I have some RNA-seq data for which I am testing for differential gene expression. I am currently in the process of annotating and doing over representation testing and pathway analysis for my genes, but I have encountered some problems.
My species is bovine, so my first tought was performing the annotation using the org.Bt.eg.db package from bioconductor and proceeding with the packages GOstats and Kegg.db for over representation and pathway analysis. When converting my Ensembl gene IDs to Entrez IDs (required by the GOstats) using the annotation package, I found that 398 of my genes were not assigned to any Entrez ID and 457 were assigned to more than one Entrez ID (sometimes 5 different Entrez IDs). When I checked for the genes with more than one Entrez IDs, I found that most of the Entrez IDs had nothing to do with the actual Ensembl gene. Also, I checked some of the genes that had no Entrez IDs by performing a blast against the NCBI database, and found that several actually had an Entrez ID associated to it.

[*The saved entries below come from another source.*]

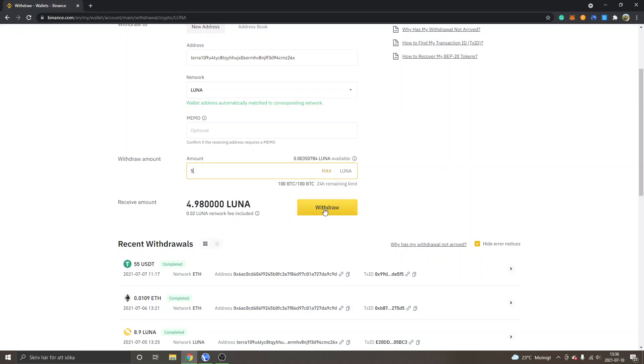Basically you will just have to click on withdraw right here and you will have to confirm it with verification codes to your phone and stuff like that. So that's basically how it works. You just confirm the withdrawal.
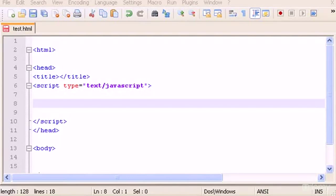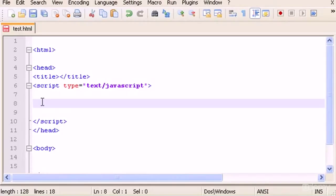Hello guys and welcome to my 19th video tutorial on JavaScript. In this video I'm going to build a very basic login system using JavaScript — only a password. We're going to use some functions and some if statements. If you don't remember how functions and if statements work, I recommend you search for the video tutorials on that.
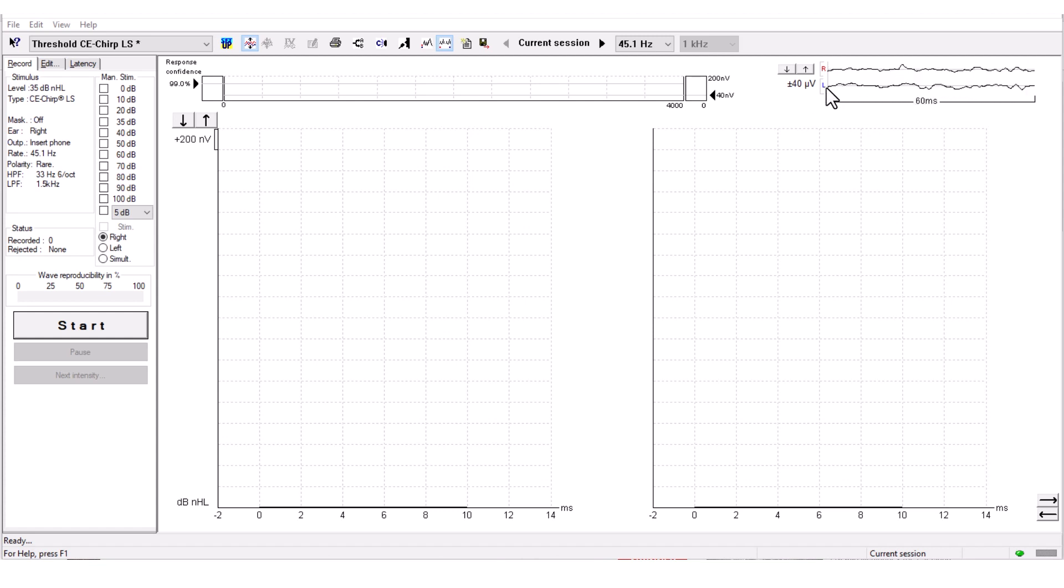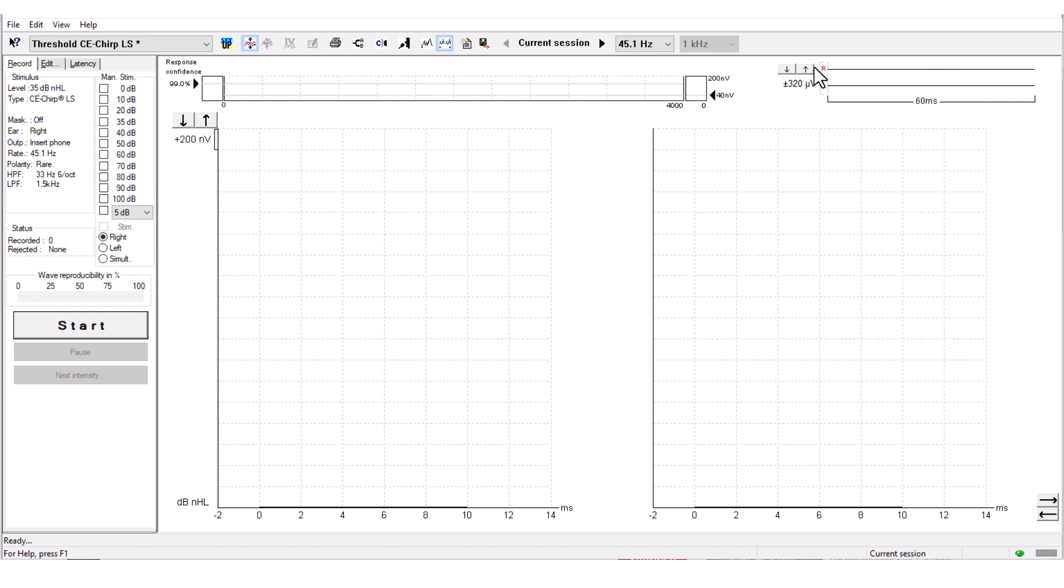You can adjust the rejection to such a degree that no sweeps will be rejected. However, the lower the EEG, the less noise introduced to the measurement.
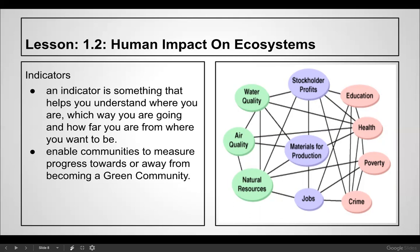On the right side are education, health, poverty, and crime, and through the middle are stockholder profits, materials for production, and jobs — the economy. The ability for people to have a job, education, and health helps reduce poverty and crime. Once we tend to have that under control, we can do a better job with water quality, air quality, and natural resource management.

I then tried converting my genes using Biomart, which gave me ~1200 genes with no corresponding Entrez IDs.
My question is, is there a way/package to perform overrepresentation testing and pathway analysis without using Entrez IDs as an input? Most packages require Entrez IDs and I am feeling lost on what to do.
I found that topGO can be used for the overrepresentation testing using Ensembl IDs, but not sure on how to proceed from there. If someone can help me out here I would appreciate it. Btw, in case it is important, I am using the release 84 of the Bos taurus genome from Ensembl.